Canon includes basic editing software with their cameras. You can do a lot of tweaking in Raw mode. You won't be able to do much in JPEG mode with any program. Shooting in RAW is highly recommended.


----------



## Orrin (Jul 7, 2011)

I would download a copy of Gimp at gimp.org, and give it a try.... if it does what you want it to do, you have saved
some money.  If not, just uninstall it and try something else.


----------



## flea77 (Jul 7, 2011)

gryphonslair99 said:


> The Bugatti Veyron is probably the best car in the world, but do you really need a 1.7 million dollar car to go to work and back or to the grocery store?



 I agree with the sentiment that there is a correct tool for every job, but you kinda shot yourself in the foot by saying the Veyron is probably the best car. Best for what? Best for someone who spends the bulk of time remodeling homes and makes three trips a day to Home Depot for lumber? Best for my wife who wants a full sized luxury sedan? Best for the student with no real income who needs to get 30+ MPG in order to still afford to eat? Best for the family of six to go on a family outing? Best for driving the trails in the mountains? The Veyron is like everything else, maybe best at something, mediocre at most, worst at some.

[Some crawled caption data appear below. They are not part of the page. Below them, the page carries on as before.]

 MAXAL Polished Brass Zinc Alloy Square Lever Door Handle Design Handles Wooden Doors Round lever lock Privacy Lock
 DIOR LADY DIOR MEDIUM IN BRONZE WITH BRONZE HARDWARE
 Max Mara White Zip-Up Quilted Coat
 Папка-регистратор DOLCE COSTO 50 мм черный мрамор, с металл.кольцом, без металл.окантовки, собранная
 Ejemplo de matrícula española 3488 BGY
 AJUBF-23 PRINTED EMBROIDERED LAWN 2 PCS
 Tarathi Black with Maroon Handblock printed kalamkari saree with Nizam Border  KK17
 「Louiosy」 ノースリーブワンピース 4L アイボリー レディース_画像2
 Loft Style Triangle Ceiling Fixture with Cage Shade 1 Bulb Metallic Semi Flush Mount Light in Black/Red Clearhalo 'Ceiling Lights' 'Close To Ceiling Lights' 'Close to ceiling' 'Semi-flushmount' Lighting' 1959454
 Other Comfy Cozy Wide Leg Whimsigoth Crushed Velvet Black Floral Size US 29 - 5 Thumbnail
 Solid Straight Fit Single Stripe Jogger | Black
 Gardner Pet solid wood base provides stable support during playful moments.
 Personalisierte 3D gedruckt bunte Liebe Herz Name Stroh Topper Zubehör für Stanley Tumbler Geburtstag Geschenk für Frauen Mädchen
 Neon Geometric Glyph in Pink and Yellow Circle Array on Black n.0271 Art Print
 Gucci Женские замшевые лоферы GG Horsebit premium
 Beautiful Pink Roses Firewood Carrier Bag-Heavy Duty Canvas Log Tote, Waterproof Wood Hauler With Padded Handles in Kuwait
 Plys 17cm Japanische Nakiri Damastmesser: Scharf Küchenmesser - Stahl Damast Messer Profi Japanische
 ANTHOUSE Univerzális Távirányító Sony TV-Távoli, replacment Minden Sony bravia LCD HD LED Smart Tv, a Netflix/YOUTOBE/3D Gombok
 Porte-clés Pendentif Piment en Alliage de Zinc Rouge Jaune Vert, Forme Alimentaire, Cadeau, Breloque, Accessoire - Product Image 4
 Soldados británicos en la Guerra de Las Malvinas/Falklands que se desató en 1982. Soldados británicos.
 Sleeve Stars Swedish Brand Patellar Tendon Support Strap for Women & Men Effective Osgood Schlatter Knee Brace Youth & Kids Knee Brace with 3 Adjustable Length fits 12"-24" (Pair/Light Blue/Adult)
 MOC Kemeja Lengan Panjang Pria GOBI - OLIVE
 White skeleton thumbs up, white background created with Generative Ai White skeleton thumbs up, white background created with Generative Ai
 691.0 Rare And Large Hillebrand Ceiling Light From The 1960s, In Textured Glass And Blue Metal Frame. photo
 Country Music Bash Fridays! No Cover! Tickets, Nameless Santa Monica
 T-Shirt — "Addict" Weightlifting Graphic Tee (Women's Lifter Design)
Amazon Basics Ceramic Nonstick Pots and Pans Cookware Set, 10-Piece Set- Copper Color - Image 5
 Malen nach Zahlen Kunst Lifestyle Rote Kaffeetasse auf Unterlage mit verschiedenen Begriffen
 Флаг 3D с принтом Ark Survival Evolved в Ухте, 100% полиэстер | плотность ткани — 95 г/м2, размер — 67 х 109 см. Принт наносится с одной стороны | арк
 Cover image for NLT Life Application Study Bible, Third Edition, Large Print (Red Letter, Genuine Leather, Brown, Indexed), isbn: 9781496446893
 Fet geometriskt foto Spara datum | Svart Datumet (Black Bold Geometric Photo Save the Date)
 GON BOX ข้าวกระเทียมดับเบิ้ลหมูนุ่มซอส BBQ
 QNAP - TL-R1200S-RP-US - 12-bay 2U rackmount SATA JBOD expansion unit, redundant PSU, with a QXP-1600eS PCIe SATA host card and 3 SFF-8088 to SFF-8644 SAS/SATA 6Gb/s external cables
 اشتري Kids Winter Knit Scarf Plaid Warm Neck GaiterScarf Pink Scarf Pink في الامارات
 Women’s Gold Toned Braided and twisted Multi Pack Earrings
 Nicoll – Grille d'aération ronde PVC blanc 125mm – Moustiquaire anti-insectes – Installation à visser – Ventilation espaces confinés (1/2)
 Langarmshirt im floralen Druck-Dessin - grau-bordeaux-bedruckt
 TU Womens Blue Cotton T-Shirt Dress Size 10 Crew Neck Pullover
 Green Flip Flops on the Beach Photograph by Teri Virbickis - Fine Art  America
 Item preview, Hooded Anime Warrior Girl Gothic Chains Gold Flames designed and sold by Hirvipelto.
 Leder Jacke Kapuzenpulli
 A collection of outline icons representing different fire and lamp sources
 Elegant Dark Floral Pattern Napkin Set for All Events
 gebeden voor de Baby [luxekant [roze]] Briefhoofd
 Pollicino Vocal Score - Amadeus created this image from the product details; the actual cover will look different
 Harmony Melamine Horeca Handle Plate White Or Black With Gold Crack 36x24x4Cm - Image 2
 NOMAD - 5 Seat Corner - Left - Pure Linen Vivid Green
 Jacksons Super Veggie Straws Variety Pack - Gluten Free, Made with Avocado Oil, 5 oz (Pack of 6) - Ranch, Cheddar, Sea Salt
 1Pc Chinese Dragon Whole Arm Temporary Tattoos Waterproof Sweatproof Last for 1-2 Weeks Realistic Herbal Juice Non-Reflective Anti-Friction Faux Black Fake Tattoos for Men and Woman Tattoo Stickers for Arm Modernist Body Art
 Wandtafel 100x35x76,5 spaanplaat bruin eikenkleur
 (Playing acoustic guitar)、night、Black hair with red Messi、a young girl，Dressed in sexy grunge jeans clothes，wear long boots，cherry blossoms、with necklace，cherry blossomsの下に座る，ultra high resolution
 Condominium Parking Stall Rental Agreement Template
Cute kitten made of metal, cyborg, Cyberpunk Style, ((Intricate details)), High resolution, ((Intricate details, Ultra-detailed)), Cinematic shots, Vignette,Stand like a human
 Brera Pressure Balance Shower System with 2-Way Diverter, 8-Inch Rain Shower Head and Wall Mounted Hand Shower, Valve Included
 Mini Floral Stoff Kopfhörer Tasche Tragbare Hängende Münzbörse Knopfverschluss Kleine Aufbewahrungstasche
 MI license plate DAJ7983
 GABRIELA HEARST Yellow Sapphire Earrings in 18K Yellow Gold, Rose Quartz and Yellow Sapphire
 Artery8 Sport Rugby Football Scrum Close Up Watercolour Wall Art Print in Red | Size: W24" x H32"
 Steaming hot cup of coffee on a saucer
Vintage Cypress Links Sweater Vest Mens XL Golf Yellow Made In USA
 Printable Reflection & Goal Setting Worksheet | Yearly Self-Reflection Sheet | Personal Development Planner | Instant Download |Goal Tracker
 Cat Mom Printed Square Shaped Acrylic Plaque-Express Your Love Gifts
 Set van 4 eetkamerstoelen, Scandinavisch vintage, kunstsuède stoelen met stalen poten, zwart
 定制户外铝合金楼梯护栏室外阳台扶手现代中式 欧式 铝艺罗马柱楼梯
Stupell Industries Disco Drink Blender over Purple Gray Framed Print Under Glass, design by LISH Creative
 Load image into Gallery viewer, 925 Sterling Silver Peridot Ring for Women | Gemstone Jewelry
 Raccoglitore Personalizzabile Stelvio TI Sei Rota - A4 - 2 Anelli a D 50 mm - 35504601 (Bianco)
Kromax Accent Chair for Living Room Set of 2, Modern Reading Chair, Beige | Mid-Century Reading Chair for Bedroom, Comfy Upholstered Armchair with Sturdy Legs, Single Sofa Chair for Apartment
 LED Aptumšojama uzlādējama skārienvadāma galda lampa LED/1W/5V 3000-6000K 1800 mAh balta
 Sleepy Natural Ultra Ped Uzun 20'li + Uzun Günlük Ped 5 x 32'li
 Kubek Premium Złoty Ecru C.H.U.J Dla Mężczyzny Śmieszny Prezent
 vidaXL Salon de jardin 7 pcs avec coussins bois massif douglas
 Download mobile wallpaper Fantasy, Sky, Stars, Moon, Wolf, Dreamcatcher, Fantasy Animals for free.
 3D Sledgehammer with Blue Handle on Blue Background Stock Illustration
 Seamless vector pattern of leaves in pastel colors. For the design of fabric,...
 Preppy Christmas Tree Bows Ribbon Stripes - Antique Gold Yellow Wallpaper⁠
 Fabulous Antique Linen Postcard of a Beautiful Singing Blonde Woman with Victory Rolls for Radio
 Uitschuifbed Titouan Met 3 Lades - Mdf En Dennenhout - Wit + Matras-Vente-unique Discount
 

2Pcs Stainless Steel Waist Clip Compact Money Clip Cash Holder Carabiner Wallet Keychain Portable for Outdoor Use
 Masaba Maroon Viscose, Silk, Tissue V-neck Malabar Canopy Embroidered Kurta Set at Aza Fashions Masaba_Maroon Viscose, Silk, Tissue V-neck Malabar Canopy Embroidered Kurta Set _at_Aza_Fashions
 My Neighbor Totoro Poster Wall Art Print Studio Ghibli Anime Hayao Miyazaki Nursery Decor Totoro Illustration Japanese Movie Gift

Now to the OP.... There is a tool for every job. If you need the capabilities of Photoshop, the others are useless. If you don't need those capabilities, then something else will do. It all depends. I too use LR3, right along side CS5. Each has it's uses and I need both for my job. Would Gimp work for me? Absolutely not. Would Gimp work for you? Depends on what you need and want.

Allan


----------